Work item - Return the listing exactly. Keep no pictures.

Input data -

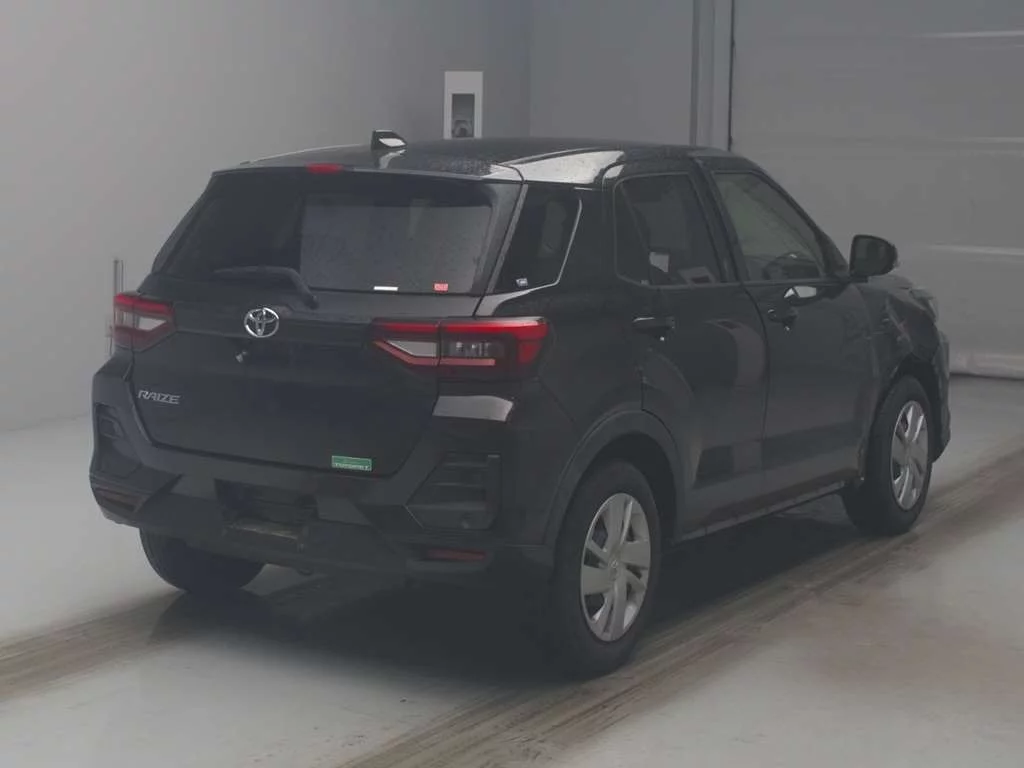 Toyota Raize  с аукциона в Японии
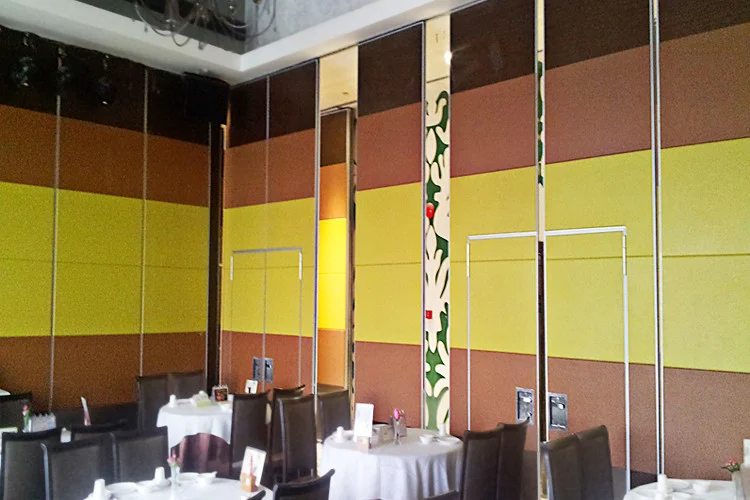 Melamine Surface Collapsible Sliding Partition Walls For Hotel / Teaching Center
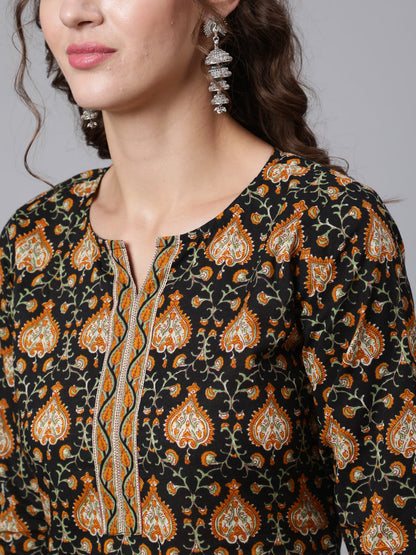 Black Printed straight kurta with three quarter sleeves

Solution to this exercise -
 Toyota Raize  с аукциона в Японии
 Melamine Surface Collapsible Sliding Partition Walls For Hotel / Teaching Center
 Black Printed straight kurta with three quarter sleeves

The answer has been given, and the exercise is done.